Friday, February 8, 2008

guru vs orang tua

Orang tua siswa SMPN 20 Solo melayangkan protes kepada sekolah. Pasalnya, rambut anaknya dipotong oleh guru secara tidak beraturan. Rambut anak tersebut dipethak-pethak karena dinilai terlalu panjang (Sindo; 02/02/08).
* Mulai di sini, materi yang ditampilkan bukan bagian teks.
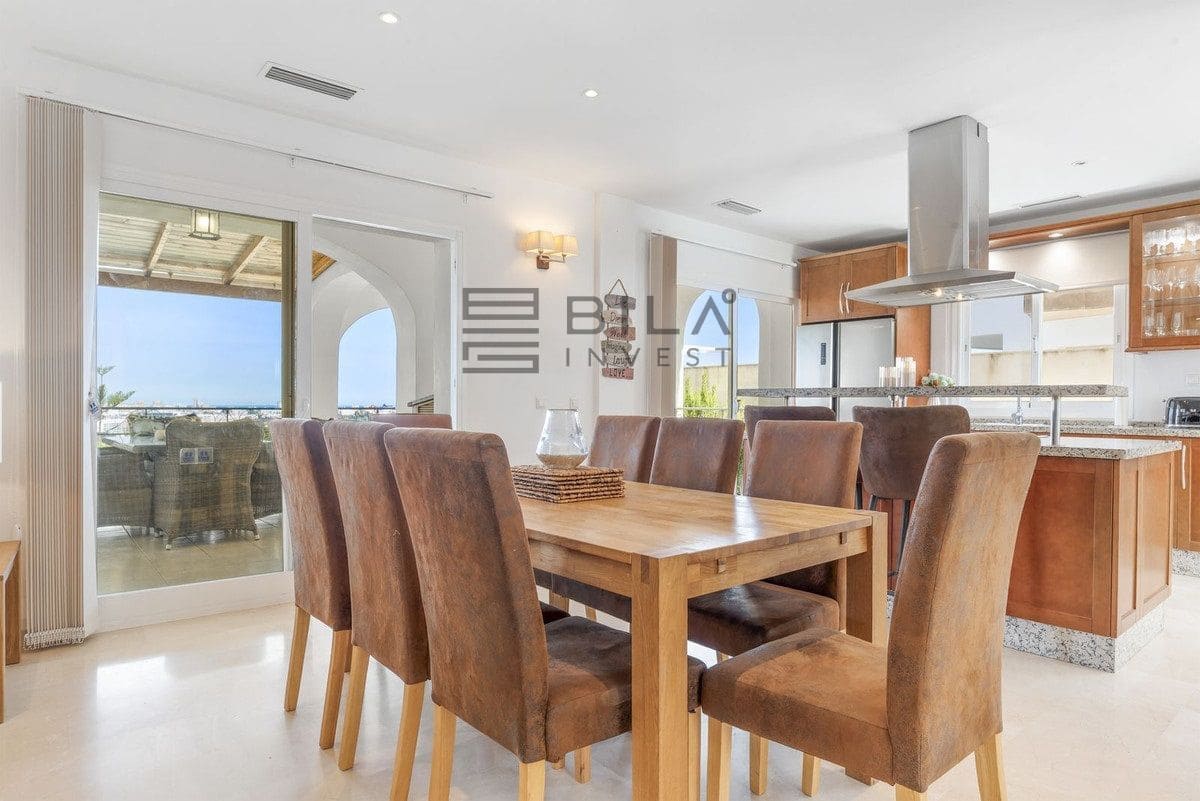 5 sovrum Villa till salu i Cerro del Aguila med pool garage - 995 000 € (Ref: 9816872)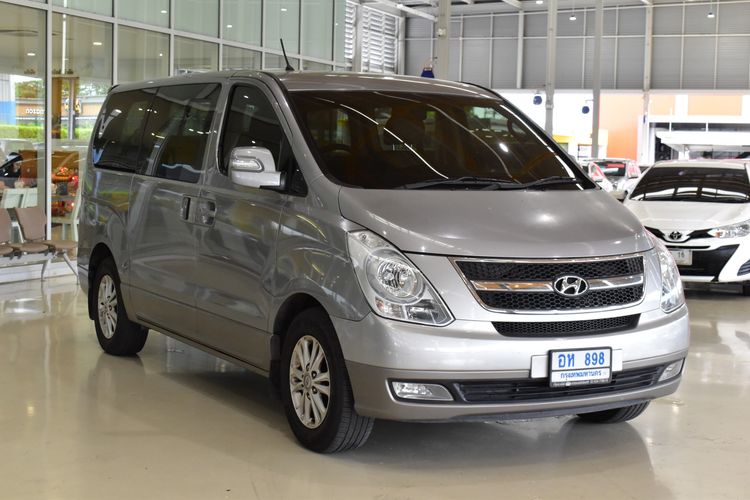 รถ Hyundai H-1  2.5 Deluxe สี บรอนซ์เงิน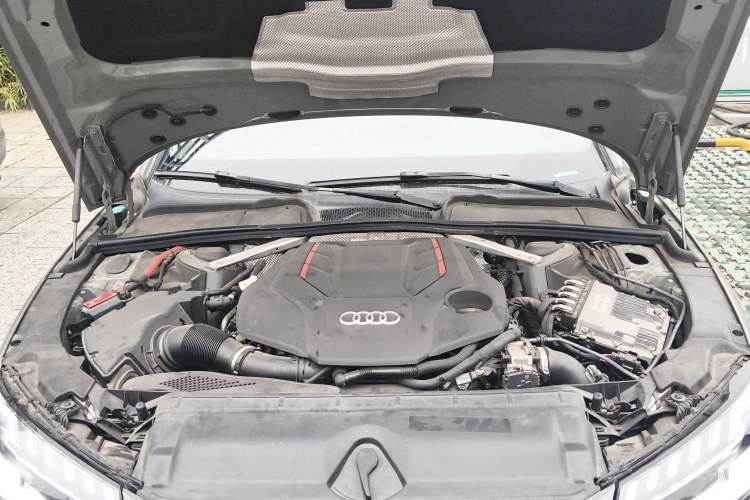 Used Audi S4 2020 S4 3.0TFSI Engine Bay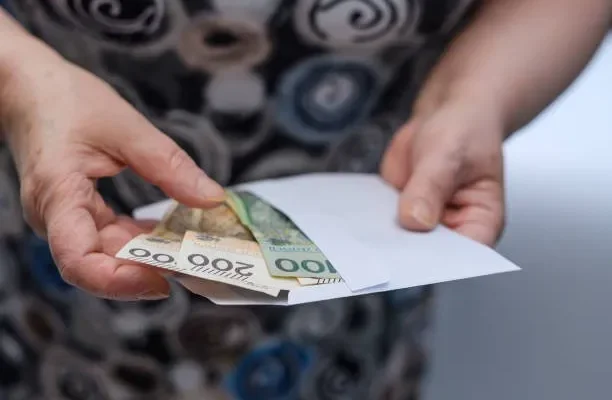 Szybka pożyczka osobista odpowiedź w ciągu 24 godzin - Zdjęcie 1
Kejadian serupa sangat mungkin terjadi di sekolah lain. Anak adalah investasi orang tua. Ketika investasinya diganggu, maka investor akan berang dan bisa dipastikan membela investasinya. Lalu bagaimana menyikapi kondisi tak nyaman dalam dunia pendidikan antara sekolah dan orang tua semacam ini di mana seharusnya keduanya bisa berjalan beriringan dalam pergumulan masyarakat pendidikan?
***
Sekolah sebagai tempat belajar sudah tidak dipersoalkan lagi keberadaannya, akan tetapi keberadaan sekolah bukanlah merupakan satu-satunya sentral pendidikan. Dalam dunia pendidikan terdapat tiga sentral pendidikan, yaitu: keluarga, sekolah dan masyarakat (A.D. Marimba: 1984). Ketiga sentral ini harus berjalan koordinatif dan sinergis demi mewujudkan tujuan pendidikan yaitu mewujudkan manusia pembelajar yang seutuhnya baik dalam hal intelektualitas, emosionalitas, dan spiritualitas.
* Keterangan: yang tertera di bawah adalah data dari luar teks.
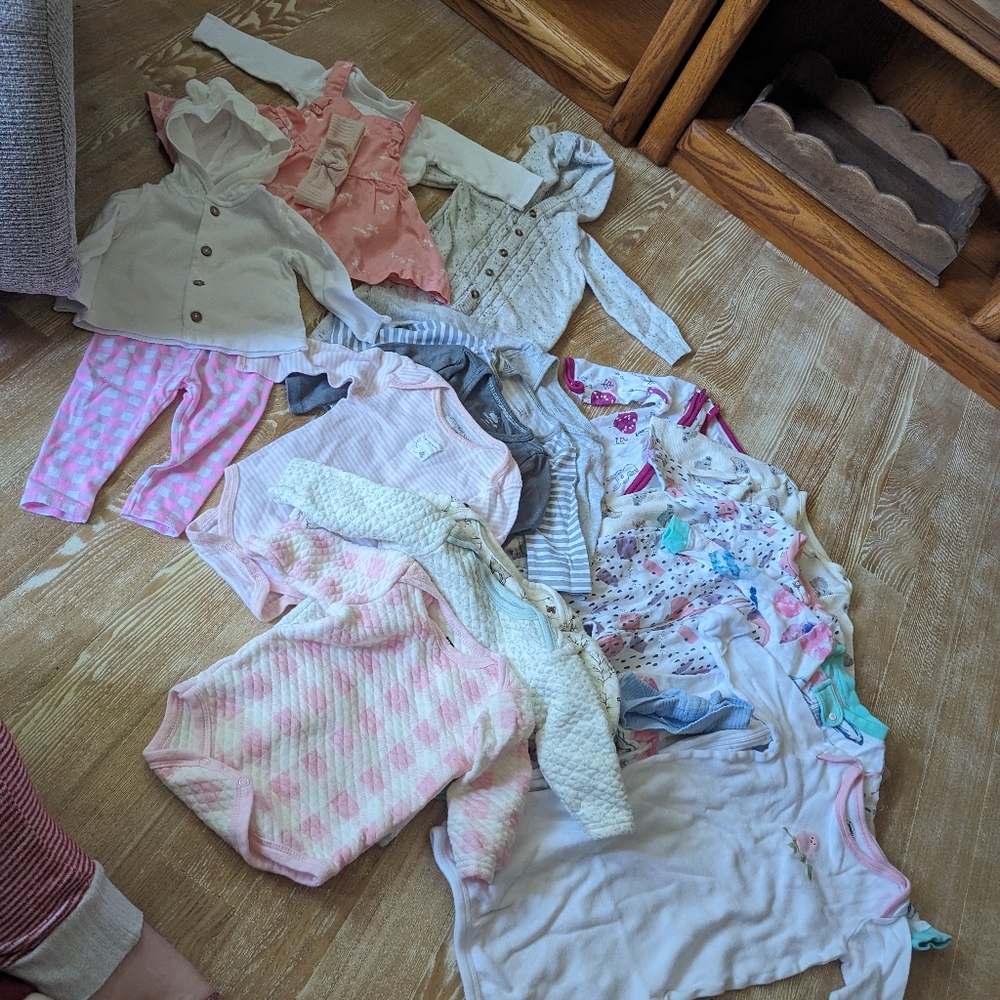 17 Piece Baby Girl Clothing Bundle 3-6 Months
Pola hubungan koordinatif antara ketiga sentral pendidikan tersebut dapat diwujudkan melalui lembaga komite sekolah/majlis madrasah yang beranggotakan perwakilan guru, siswa, orang tua dan tokoh masyarakat terkait. Keanggotaan tersebut sebenarnya sudah ideal secara teori. Kerjasama yang apik dalam proses pendidikan yang mencakup kepentingan keseluruhan anggota di segala aspek pendidikan, akan mampu menghasilkan kualitas pendidikan yang mumpuni. Namun pada prakteknya lembaga tersebut baru sebatas membahas masalah mikro semisal masalah yang berkaitan dengan pendanaan sekolah dan kepentingan yang bersifat eksidental (penentuan beasiswa, dll) seperti halnya kasus BP3 pada jaman doeloe. Hal-hal yang berkait dengan pelaksanaan pendidikan yang lebih urgen (kelancaran KBM, pembinaan siswa berprestasi, dll) dan yang lebih makro kadang terbengkelai dan terabai. Akibatnya rasa saling curiga di antara ketiga pilar tersebut (orang tua, sekolah, masyarakat) menjadi hal yang sangat mungkin menggejala. Hal ini diperparah dengan kemandegan hasil pembahasan hanya ditingkat lembaga komite sekolah/majlis madrasah saja, tanpa sosialisasi secara merata dan komprehensif kepada pihak-pihak yang terkait.
Lalu, apabila menilik dari kasus yang terjadi di Solo tersebut, yang salah yang mana? Orang tua atau guru (sekolah)? Keduanya tidak bisa disalahkan. Karena yang menjadi pokok permasalahan bukanlah personal, tapi ketimpangan komunikasi antara sekolah dan orang tua atas proses pendidikan peserta didik. Di satu pihak guru (sekolah) menginginkan proses pendidikan yang terbaik di sekolah (dengan menegakkan peraturan semisal mencukur siswa gondrong) di pihak lain orang tua menginginkan kondisi terbaik bagi anaknya yang sudah disekolahkan (mendapatkan hasil yang baik, termasuk rambut yang rapi).
Untuk itu diperlukan langkah bijak dan strategis dengan menjalin pola komunikasi yang baik, berimbang dan bertanggung jawab antar anggota pendidikan (orang tua, sekolah, masyarakat, dan peserta didik), agar konflik yang tidak perlu seperti kasus di atas tidak terjadi dan pendidikan berjalan lebih baik.